Residents will vote on whether or not a private roadway off of Main Street, Sagamore Place, will become a public way or stay private at the upcoming Town Meeting after the Select Board and Planning Board voted to move it forward.
“Sagamore Place… meets the town’s requirements for acceptance as a public way,” Selectman Joe Connell said. “According to Director of Planning and Conservation Emilie Cademartori and Director of Public Works John Tomasz, the laying out of the way is part of the process for accepting a roadway, which is always before the voters at our annual Town Meeting.”
Connell explained that when the town accepts a roadway, it takes on the responsibility of maintaining it.
Town Counsel Thomas Mullen explained the process of accepting a public way.
“The process begins with the Planning Board… and finally gives its blessing only when the subdivision is constructed to its satisfaction.
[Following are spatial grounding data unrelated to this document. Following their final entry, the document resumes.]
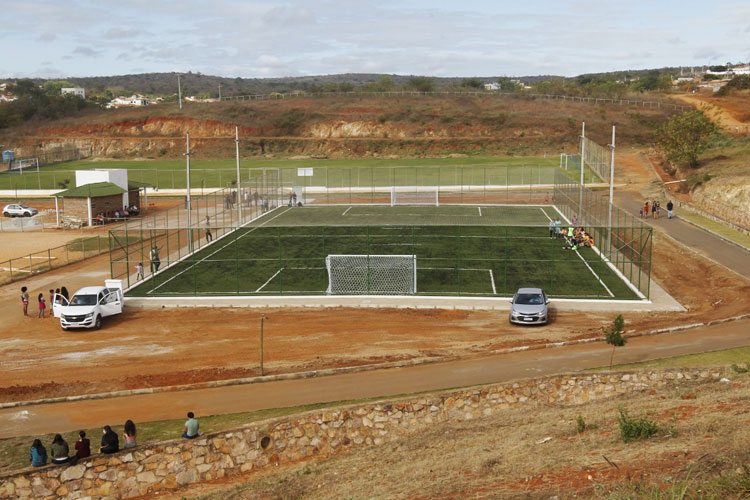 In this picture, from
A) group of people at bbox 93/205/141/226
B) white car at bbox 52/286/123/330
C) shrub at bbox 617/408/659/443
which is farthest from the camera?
group of people at bbox 93/205/141/226

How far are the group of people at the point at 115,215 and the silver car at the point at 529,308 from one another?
39.4 m

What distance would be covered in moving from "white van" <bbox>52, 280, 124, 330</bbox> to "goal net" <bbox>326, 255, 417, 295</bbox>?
963cm

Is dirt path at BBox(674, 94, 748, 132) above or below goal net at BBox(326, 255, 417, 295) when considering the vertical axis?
above

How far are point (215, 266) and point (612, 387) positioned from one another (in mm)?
26784

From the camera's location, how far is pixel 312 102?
14312 centimetres

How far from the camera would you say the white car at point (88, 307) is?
31.3m

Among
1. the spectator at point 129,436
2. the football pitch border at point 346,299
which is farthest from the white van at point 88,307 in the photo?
the spectator at point 129,436

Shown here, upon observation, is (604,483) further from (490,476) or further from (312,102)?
(312,102)

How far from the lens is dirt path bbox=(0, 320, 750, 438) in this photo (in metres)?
22.0

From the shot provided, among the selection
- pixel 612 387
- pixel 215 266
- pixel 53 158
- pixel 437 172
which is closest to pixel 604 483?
pixel 612 387

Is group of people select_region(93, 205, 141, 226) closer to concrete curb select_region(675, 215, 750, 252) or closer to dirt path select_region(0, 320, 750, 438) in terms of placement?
dirt path select_region(0, 320, 750, 438)

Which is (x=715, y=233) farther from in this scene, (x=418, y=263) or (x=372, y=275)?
(x=372, y=275)

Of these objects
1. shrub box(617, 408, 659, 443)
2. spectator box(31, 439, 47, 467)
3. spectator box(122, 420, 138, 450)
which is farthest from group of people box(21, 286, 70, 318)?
shrub box(617, 408, 659, 443)

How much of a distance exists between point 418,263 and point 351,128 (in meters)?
A: 86.0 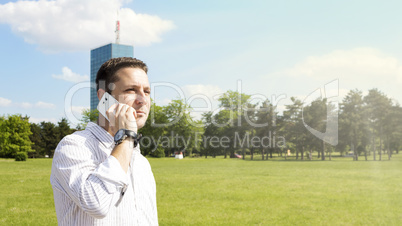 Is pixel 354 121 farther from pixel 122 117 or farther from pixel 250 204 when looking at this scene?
pixel 122 117

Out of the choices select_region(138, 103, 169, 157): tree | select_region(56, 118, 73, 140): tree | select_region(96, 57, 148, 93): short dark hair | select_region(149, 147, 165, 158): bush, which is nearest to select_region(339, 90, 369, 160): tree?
select_region(138, 103, 169, 157): tree

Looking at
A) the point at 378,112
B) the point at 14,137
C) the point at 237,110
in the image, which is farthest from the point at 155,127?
the point at 378,112

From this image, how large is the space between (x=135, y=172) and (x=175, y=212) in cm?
993

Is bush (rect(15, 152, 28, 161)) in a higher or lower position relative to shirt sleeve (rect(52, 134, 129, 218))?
lower

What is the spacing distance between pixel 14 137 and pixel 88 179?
61.9 metres

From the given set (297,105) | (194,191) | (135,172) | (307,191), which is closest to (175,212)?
(194,191)

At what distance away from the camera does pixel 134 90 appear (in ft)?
8.04

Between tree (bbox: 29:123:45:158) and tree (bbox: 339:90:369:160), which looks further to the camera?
tree (bbox: 29:123:45:158)

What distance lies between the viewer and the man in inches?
75.1

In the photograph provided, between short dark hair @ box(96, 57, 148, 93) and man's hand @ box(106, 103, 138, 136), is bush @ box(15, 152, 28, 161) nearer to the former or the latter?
short dark hair @ box(96, 57, 148, 93)

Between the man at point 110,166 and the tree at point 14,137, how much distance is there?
58.5m

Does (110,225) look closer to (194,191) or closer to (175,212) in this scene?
(175,212)

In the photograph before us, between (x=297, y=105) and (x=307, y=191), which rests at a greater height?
(x=297, y=105)

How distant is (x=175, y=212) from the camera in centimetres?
1202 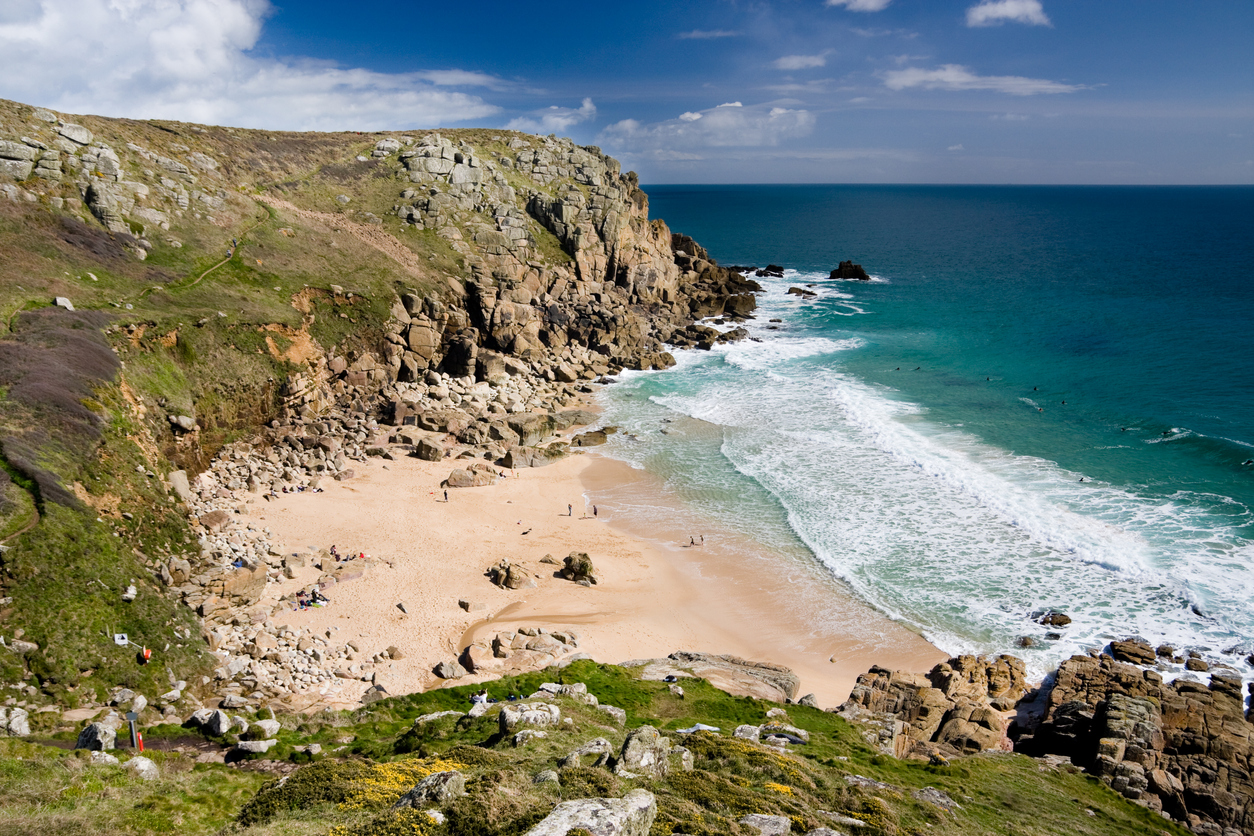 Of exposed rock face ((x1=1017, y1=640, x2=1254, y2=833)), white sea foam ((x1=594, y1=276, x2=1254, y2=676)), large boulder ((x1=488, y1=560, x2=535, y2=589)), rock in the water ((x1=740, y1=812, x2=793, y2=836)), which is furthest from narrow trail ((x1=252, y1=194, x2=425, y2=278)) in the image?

That construction has to do only with the roadway and the installation of utilities,” Mullen said.
Mullen said that frequently, there are disputes between a developer and the individual lot owners located on the roadway, but the city “does not have a dog in that fight.”
“That’s not part of the whole process of accepting a public way,” Mullen said. “What’s at issue in accepting a public way is the installation of the way and the utilities and the Planning Board has determined that the installation was properly done here.”
Mullen said that the public hearing is the first step in getting the roadway accepted as a public way and that the second step will be a simple majority vote at Town Meeting.
“And then I will file with the Registry of Deeds… to make it a public way forever,” Mullen said.
Mullen said that “accepting a public way is an unqualified good thing for residents of the way,” because if residents find problems like potholes, it is easier for them to call Town Hall and have DPW fill them in than to have to deal with a developer.
Mullen added that snow removal and lighting issues would not be the abutters’ responsibility anymore if the road becomes public.
“There is nothing to be said against it,” Mullen said. “In many cases, the abutters owned to the center of the line of the way, and are therefore responsible for things like potholes. Nobody wants that.”
In the end, the Select Board unanimously voted to lay out Sagamore Place as a public way. In a subsequent Planning Board meeting, the board recommended that Town Meeting adopt the warrant article.